L’homme haussa un sourcil avant de glisser un regard vers les gravures.
— « Ce n’est pas tous les jours qu’on croise quelqu’un en train de scruter l’Arc de Triomphe avec autant d’intensité. Vous êtes historienne ? »
Louise hésita. Devait-elle révéler ses motivations ?
— « Non, enfin pas vraiment. Je m’intéresse à l’histoire de l’art, mais… » Elle fit une pause, cherchant ses mots. « Je fais juste des recherches personnelles. »
L’homme croisa les bras, l’air sceptique.
— « Recherches personnelles, sous la pluie, à l’aube ? Vous devez être très passionnée. »
Le ton sarcastique la fit rougir. Elle se redressa légèrement, piquée au vif par son attitude.
— « Et vous ? Vous semblez avoir une raison tout aussi particulière d’être ici. »
Un léger sourire apparut sur les lèvres de l’homme.
— « Touché. Je suis Gabriel Moré, historien. Disons que j’étudie les anomalies historiques liées à certains monuments parisiens. L’Arc, par exemple, regorge de détails souvent négligés. »
Louise fronça les sourcils. « Anomalies ? »
Gabriel fit un pas de côté et désigna une des gravures sur la pierre.

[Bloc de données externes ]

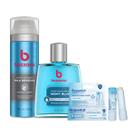 Kit Facial Bozzano Espuma de Barbear Hidratação 200ml + Bozzano Loção Facial Pós Barba Night Blue 100ml + Bepantol Derma Regenerador Labial 7,5ml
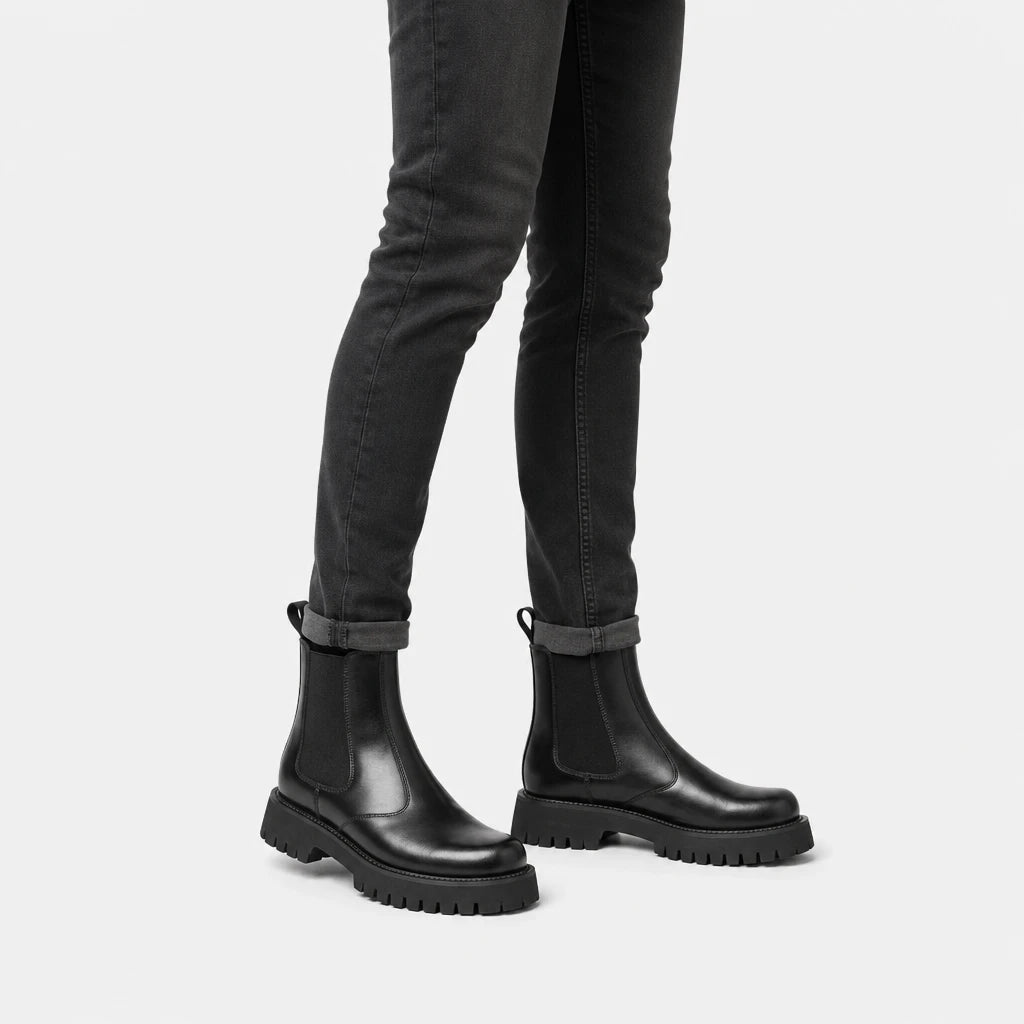 Boots Latex Leather Chelsea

— « Prenez celle-ci. Les dates des batailles sont exactes, mais si vous comparez les lettres gravées ici avec celles des archives militaires de l’époque, vous remarquerez des variations subtiles dans le style typographique. Des modifications ont été faites après la construction, mais personne ne sait pourquoi. »
Louise releva un sourcil, intriguée malgré elle.
— « Et qu’est-ce que ça signifie, selon vous ? »
Gabriel haussa les épaules, un éclat de malice dans le regard.
— « Rien d’extraordinaire… ou peut-être tout. C’est ce qui rend la recherche fascinante. »
Louise sourit malgré elle. Sous ses airs légèrement condescendants, il semblait partager une curiosité similaire à la sienne, un besoin de creuser sous la surface des faits pour en extraire le sens caché.
Elle hésita avant de tendre son carnet, l’ouvrant à la page où elle avait dessiné le médaillon.
— « Peut-être pourriez-vous m’aider ? Avez-vous déjà vu ces symboles ? »
Gabriel ajusta ses lunettes et examina attentivement le dessin. Son expression changea légèrement, passant de la curiosité à une concentration intense.
— « Intéressant… Où avez-vous trouvé ça ? »
— « Dans une boutique d’antiquités, » répondit Louise rapidement.
Gabriel hocha la tête, mais son regard restait fixé sur le dessin.
— « Ces symboles me rappellent des codes militaires utilisés sous Napoléon. Les cercles concentriques, en particulier, pourraient indiquer une forme de localisation ou de carte cryptée. »
Louise sentit son cœur s’accélérer.
— « Une carte ? »
Gabriel haussa un sourcil.
— « C’est une hypothèse. Mais pour en être sûr, il faudrait plus de contexte. Vous avez d’autres informations ? »
Louise hésita encore, mais décida qu’elle avait besoin de son expertise.
— « Il appartenait à une femme nommée Isabelle Chavanne. Une couturière sous l’Empire. Je crois qu’elle était impliquée dans un complot politique. »
Gabriel acquiesça lentement.
— « Isabelle Chavanne… Ce nom me dit vaguement quelque chose. Pendant mes recherches, j’ai vu une mention d’une couturière liée à une affaire obscure. On parle d’un rendez-vous secret organisé sous l’Arc peu après son inauguration. Si elle était impliquée, c’est un bon point de départ. »
Louise sentit une excitation nerveuse monter.
— « Comment pourrais-je vérifier ça ? »
— « Les Archives Nationales, » répondit Gabriel sans hésiter.
Il marqua une pause, puis ajouta, avec un sourire en coin :
— « Je pourrais vous accompagner. »
Louise le scruta avant d’acquiescer lentement.
Ils quittèrent l’Arc ensemble, leurs pas résonnant sur les pavés mouillés, tandis que le monument semblait les observer, gardien silencieux de leurs secrets.